Le voyage mémorable de Lev de Rozmital
La semaine dernière je vous ai présenté un récit de voyage sur la mission envoyée par le roi Georges de Podebrady auprès du roi de France. Cette mission avait un objectif politique. Aujourd'hui je vous parlerai d'un autre voyage entrepris pratiquement à la même époque mais dont l'objectif était différent. Les participants à ce pèlerinage étaient avides surtout de connaître de nouveaux pays, de faire connaissances de leurs princes et de voir les coutumes et moeurs des peuples étrangers.

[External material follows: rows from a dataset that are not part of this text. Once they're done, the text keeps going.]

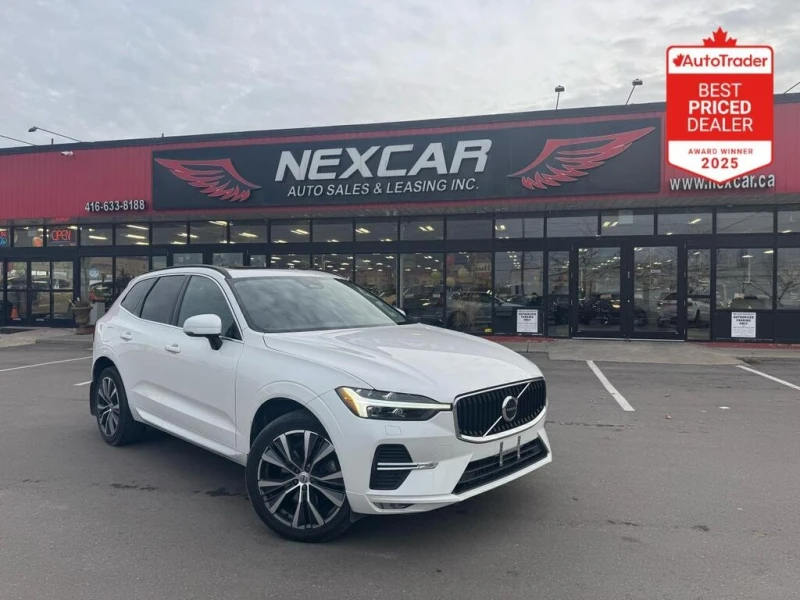 Volvo XC60 * MOMENTUM * CARFAX * ЦЕНА ДО БЪЛГАРИЯ - 50900 лв. / 26024.76 € - 57466290 1 | Car24.bg Volvo XC60 * MOMENTUM * CARFAX * ЦЕНА ДО БЪЛГАРИЯ - 50900 лв. / 26024.76 € - 57466290 1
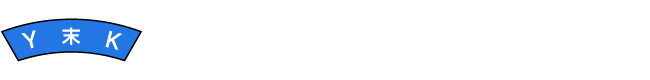 株式会社末広鉄工所リクルートサイト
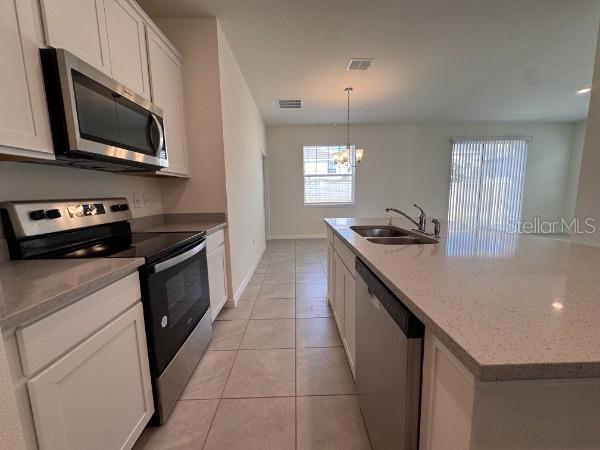 Building Photo - 2553 Mariah Pl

Laissons parler maintenant le chevalier Vaclav Sasek de Birkov qui nous a laissé un témoignage assez détaillé sur l'arrivée de Lev de Rozmital et de sa suite à Meung. "C'est là que nous rencontrâmes le roi de France avec son épouse; il reçut Messire Lev avec honneur et l'invita à un festin ainsi que sa suite. La France est le plus grand des pays et le plus riche en toute chose de tous les pays chrétiens... Le roi invita Messire Lev pour le troisième jour chez lui, le traita très aimablement et le présenta à la reine et à ses demoiselles. La reine reçut Messire Lev et chacune des dames l'embrassa sur la bouche. Car ainsi le roi l'avait ordonné et voulu. Ensuite, la reine serra la main à chacun de ses chevaliers et toutes ces dames étaient très aimables pour lui et pour ses chevaliers. Ensuite le roi fit préparer un admirable festin pendant lequel notre seigneur et ses chevaliers furent servis par de puissants comtes et seigneurs. Et le roi pria Messire Lev de venir en ami avec lui : et il le pria de rester chez lui six mois ou toute une année et se déclara prêt à tout faire pour lui. On a dit que le roi n'avait jamais, a aucun prince, fait un tel honneur qu'à notre Messire Lev de Rozmital."

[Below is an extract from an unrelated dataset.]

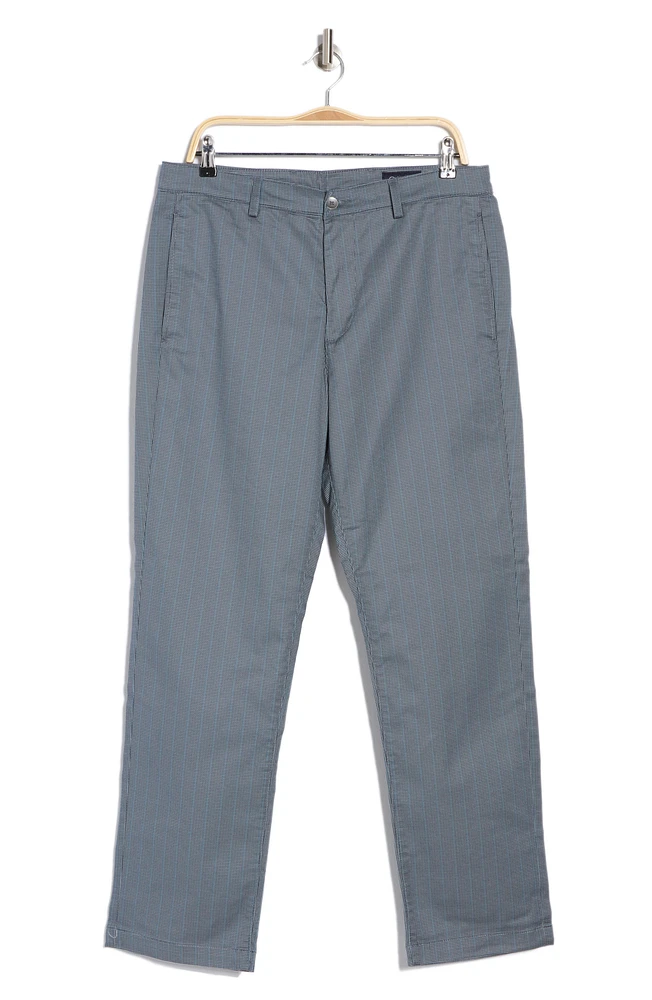 Lochlan Trousers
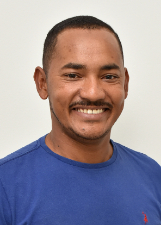 Foto de DIOSEFF RODRIGUES LEMES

Le pèlerinage de Lev de Rozmital et de ses chevaliers a duré deux ans. Après avoir passé de beaux moments à la cour de France, les voyageurs tchèques, ravis par cet accueil chaleureux, ont repris leur chemin et se sont dirigés vers le Sud. Ils sont passés par plusieurs villes françaises, dont Poitiers, Blaye et Saint-Jean-de- Luz et ont franchi la frontière espagnole. Ils ont parcouru l'Espagne de long en large, sont descendus jusqu'au Portugal. Ils ont admiré la beauté des villes espagnoles et la splendeur de leurs cathédrales. Ils ont traversé la Castille, l'Aragon, la Catalogne et ont été reçus à la cour. Finalement, ils ont décidé de rentrer en Bohême. Le voyage de retour était long, compliqué mais intéressant. Revenus en France, ils sont arrivés dans le Roussillon, sont passés par Narbonne, Nîmes, Avignon et finalement par le Dauphiné. En Italie ils se sont rendus dans le Piémont, ont admiré les beautés de Milan, de Vérone et de Venise et ont regagné la Bohême par la Carinthie et la Styrie. Leur pèlerinage leur a permis de connaître les cours les plus importantes d'Europe, de nouer des contacts avec des princes et des personnalités politiques de plusieurs pays. Enrichis de nombreuses expériences précieuses ils sont arrivé finalement dans la capitale du Royaume tchèque. Dans une étude sur les relations intellectuelles entre la France et la Bohême, Hanus Jelinek résume ainsi leur mission et évoque leur retour au pays:
"Par leur conduite chevaleresque, par leur force et leur adresse dans les tournois autant que par leur noble désintéressement les seigneurs tchèques avaient beaucoup contribué à dissiper les préjugés répandus en Occident sur la nation des Hussites. Il revinrent chargés d'honneurs et d'insignes d'ordres étrangers: à Prague il furent reçus par une procession portant le Saint-Sacrement, l'archevêque hussite Rokycana en tête du clergé et des étudiants, une foule de nobles et de chevaliers suivant avec une centaine de clairons: ils durent monter au château où le roi et la reine reçurent à bras ouverts leur frère et ses compagnons."
(Le fragment du récit de voyage de Vaclav Sasek de Birkov cité dans ce programme a été traduit en français par Hanus Jelinek.)